Das Kunstwerk "Auf der Lichtung" von Anthony Cragg steht im Herzen von Sennestadt - S!NED!-art |
Georg Büchner
Dantons Tod
Zweiter Akt - Fünfte Szene
Ein Zimmer
Es ist Nacht.
Danton (am Fenster).
Will denn das nie aufhören? Wird das Licht nie ausglühn und der Schall nie modern? Will's denn nie still und dunkel werden, dass wir uns die garstigen Sünden einander nicht mehr anhören und ansehen?– September! –
Julie (ruft von innen). Danton! Danton!
Danton. He?
Julie (tritt ein). Was rufst du?
Danton. Rief ich?
Julie. Du sprachst von garstigen Sünden, und dann stöhntest du: September!
Danton. Ich, ich? Nein, ich sprach nicht; das dacht' ich kaum, das waren nur ganz leise, heimliche Gedanken.
Julie. Du zitterst, Danton!
Danton. Und soll ich nicht zittern, wenn so die Wände plaudern? Wenn mein Leib so zerteilt ist, daß meine Gedanken unstet, umirrend mit den Lippen der Steine reden? Das ist seltsam.
Julie. Georg, mein Georg!
Danton. Ja, Julie, das ist sehr seltsam. Ich möchte nicht mehr denken, wenn das gleich so spricht. Es gibt Gedanken, Julie, für die es keine Ohren geben sollte. Das ist nicht gut, daß sie bei der Geburt gleich schreien wie Kinder; das ist nicht gut.

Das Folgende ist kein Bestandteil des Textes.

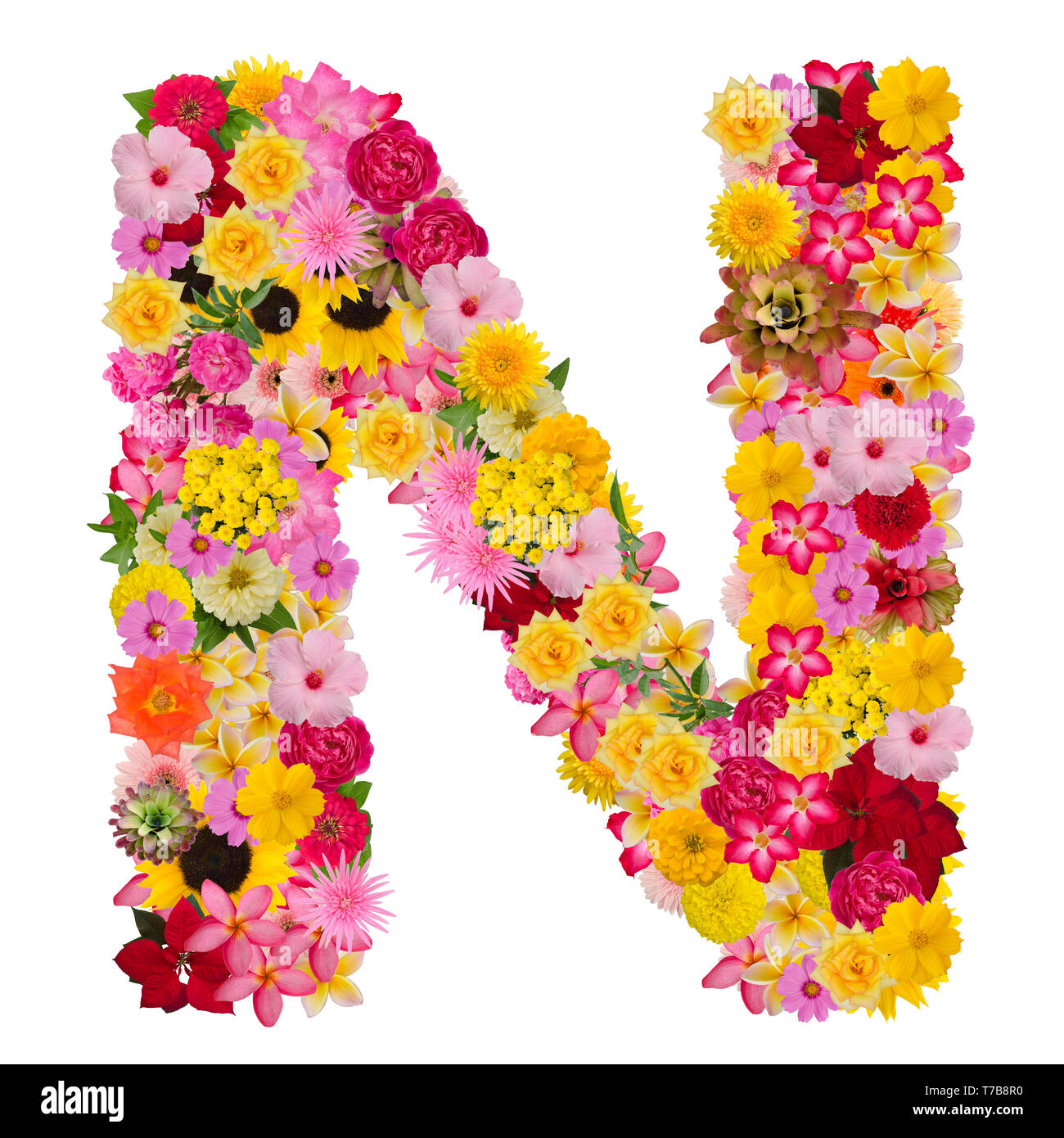 Letter N alphabet with flower ABC concept type as logo isolated on white background. With clipping path Stock Photo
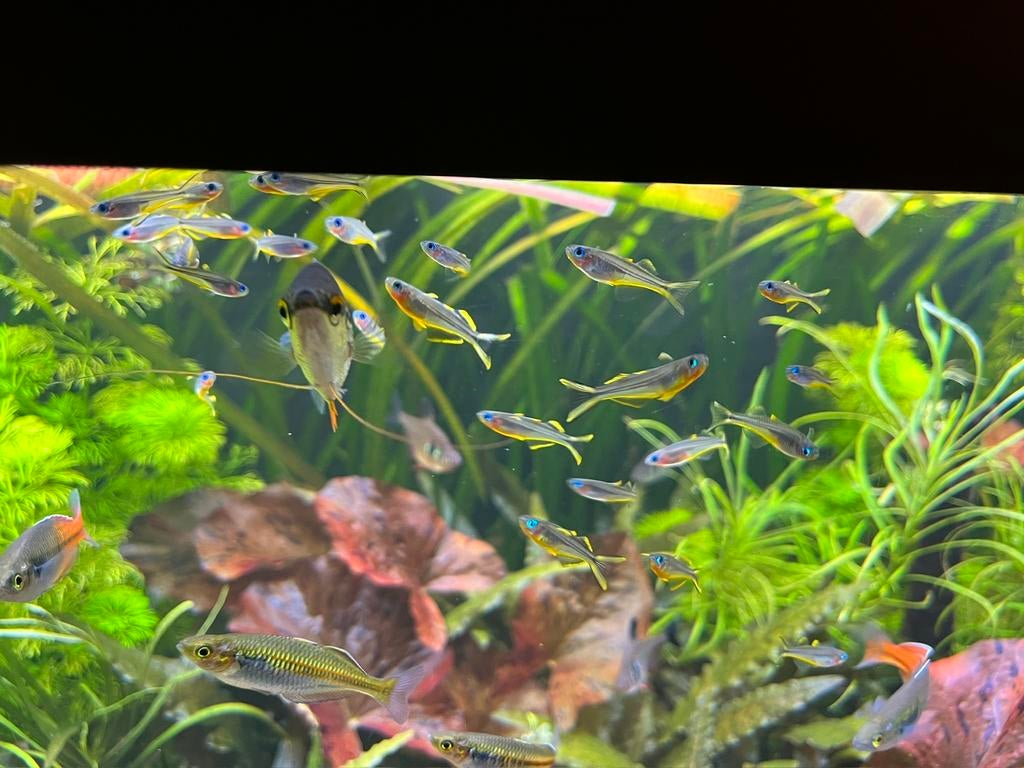 Pseudomugil Furcatus / vorkstaart regenboog, Dieren en Toebehoren, Vis, Zoetwatervis, Schoolvis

Julie. Gott erhalte dir deine Sinne! – Georg, Georg, erkennst du mich?
Danton. Ei warum nicht! Du bist ein Mensch und dann eine Frau und endlich meine Frau, und die Erde hat fünf Weltteile, Europa, Asien, Afrika, Amerika, Australien, und zwei mal zwei macht vier. Ich bin bei Sinnen, siehst du. – Schrie's nicht September? Sagtest du nicht so was?
Julie. Ja, Danton, durch alle Zimmer hört ich's.
Danton. Wie ich ans Fenster kam – (er sieht hinaus:) die Stadt ist ruhig, alle Lichter aus...
Julie. Ein Kind schreit in der Nähe.
Danton. Wie ich ans Fenster kam – durch alle Gassen schrie und zetert' es: September!
Julie. Du träumtest, Danton. Fass dich!
Danton. Träumtest? Ja, ich träumte; doch das war anders, ich will dir es gleich sagen – mein armer Kopf ist schwach – gleich! So, jetzt hab ich's:
Unter mir keuchte die Erdkugel in ihrem Schwung; ich hatte sie wie ein wildes Roß gepackt, mit riesigen Gliedern wühlt' ich in ihren Mähnen und preßt' ich ihre Rippen, das Haupt abwärts gewandt, die Haare flatternd über dem Abgrund; so ward ich geschleift.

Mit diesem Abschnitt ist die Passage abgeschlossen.